### Problem requirements
Once the pictures have been excluded, set down each remaining entry word for word.
The records START
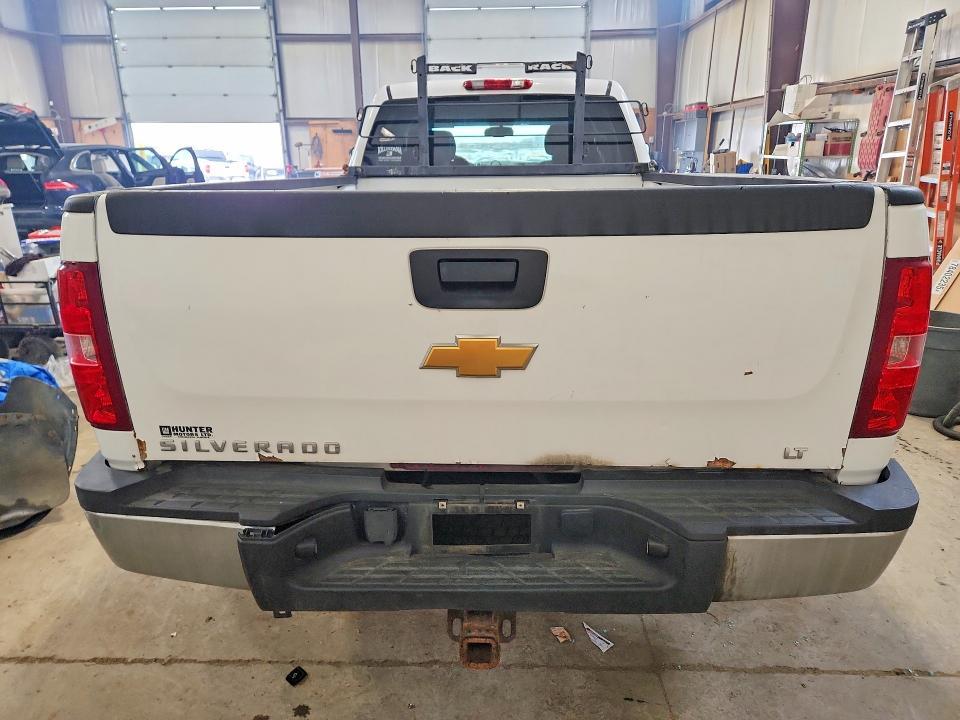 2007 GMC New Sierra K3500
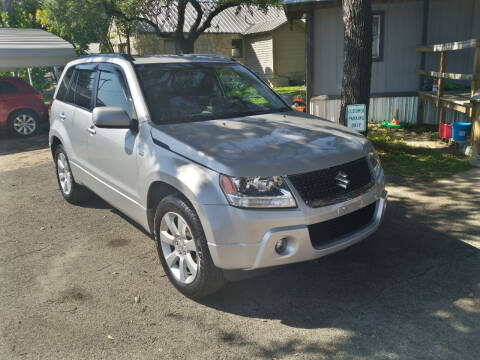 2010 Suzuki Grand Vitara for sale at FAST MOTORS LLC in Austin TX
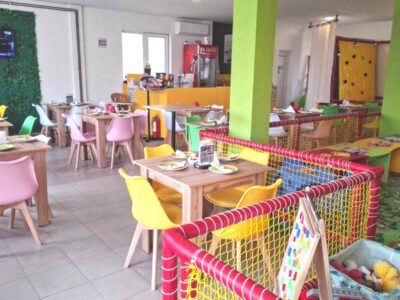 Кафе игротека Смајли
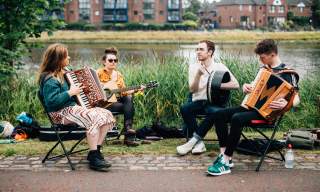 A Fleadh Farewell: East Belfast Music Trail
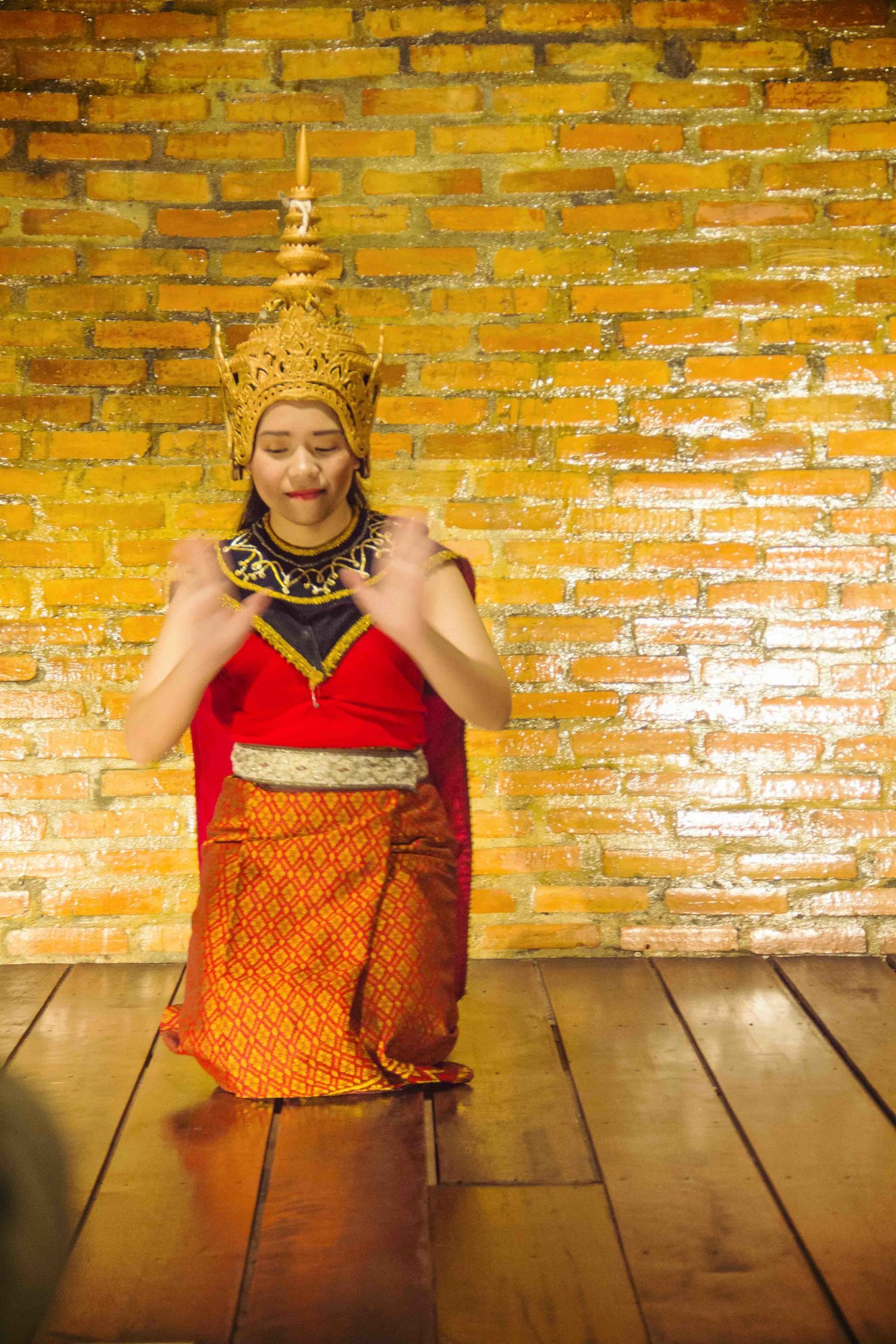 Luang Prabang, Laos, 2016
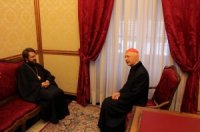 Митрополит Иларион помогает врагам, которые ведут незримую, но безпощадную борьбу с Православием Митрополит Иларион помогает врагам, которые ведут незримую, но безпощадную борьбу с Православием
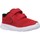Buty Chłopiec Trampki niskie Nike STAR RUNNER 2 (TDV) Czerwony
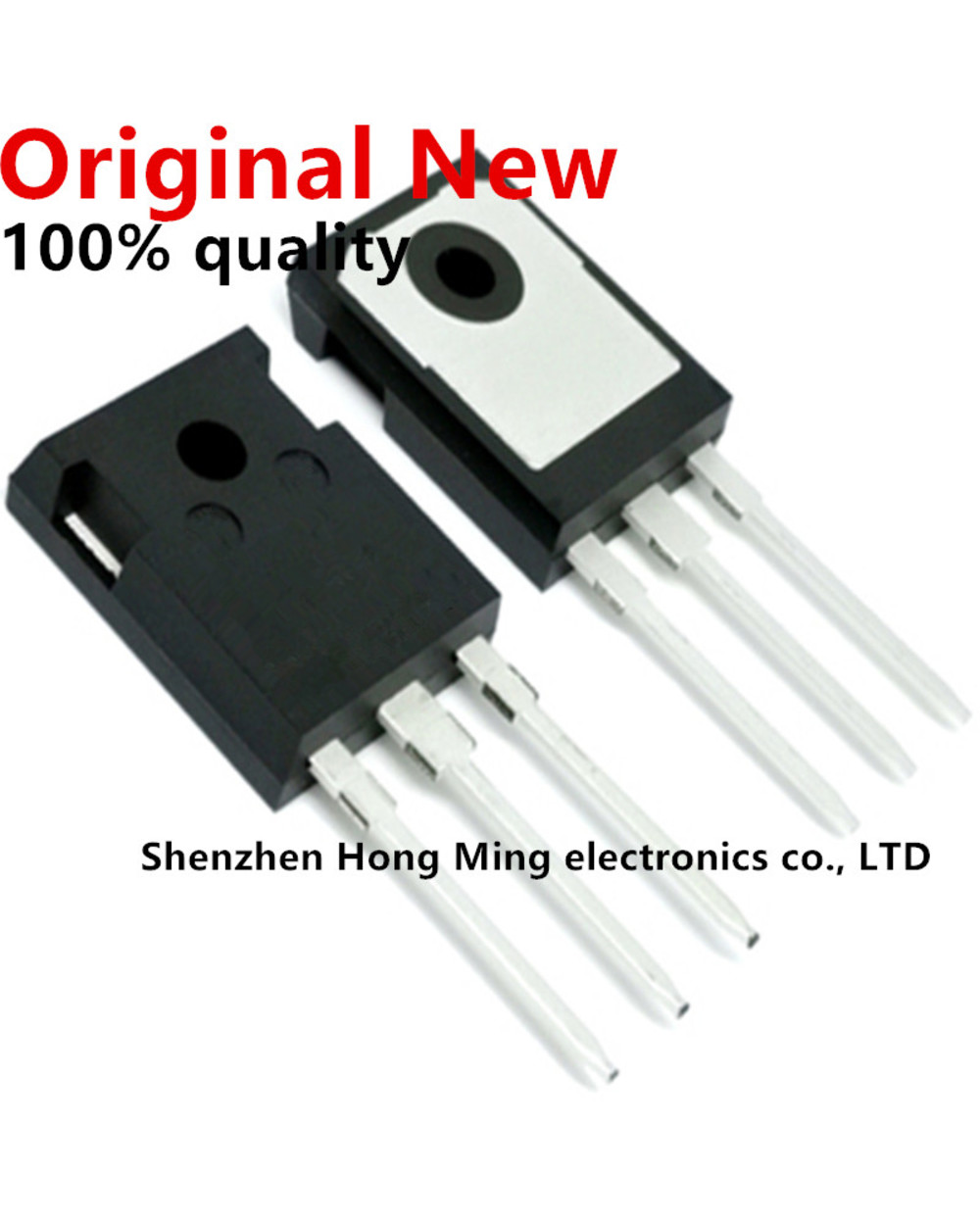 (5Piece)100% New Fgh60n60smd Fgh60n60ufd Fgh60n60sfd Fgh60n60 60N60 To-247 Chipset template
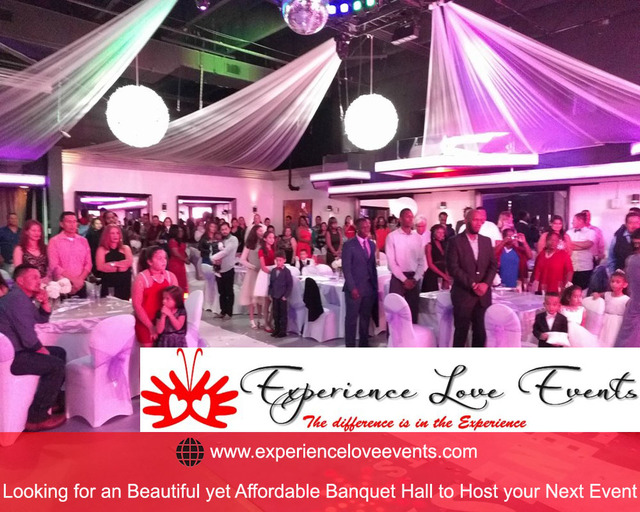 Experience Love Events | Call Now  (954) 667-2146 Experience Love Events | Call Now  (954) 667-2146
The records END
### Written solution
 2007 GMC New Sierra K3500
 2010 Suzuki Grand Vitara for sale at FAST MOTORS LLC in Austin TX
 Кафе игротека Смајли
 A Fleadh Farewell: East Belfast Music Trail
 Luang Prabang, Laos, 2016
 Митрополит Иларион помогает врагам, которые ведут незримую, но безпощадную борьбу с Православием Митрополит Иларион помогает врагам, которые ведут незримую, но безпощадную борьбу с Православием
Buty Chłopiec Trampki niskie Nike STAR RUNNER 2 (TDV) Czerwony
 (5Piece)100% New Fgh60n60smd Fgh60n60ufd Fgh60n60sfd Fgh60n60 60N60 To-247 Chipset template
 Experience Love Events | Call Now  (954) 667-2146 Experience Love Events | Call Now  (954) 667-2146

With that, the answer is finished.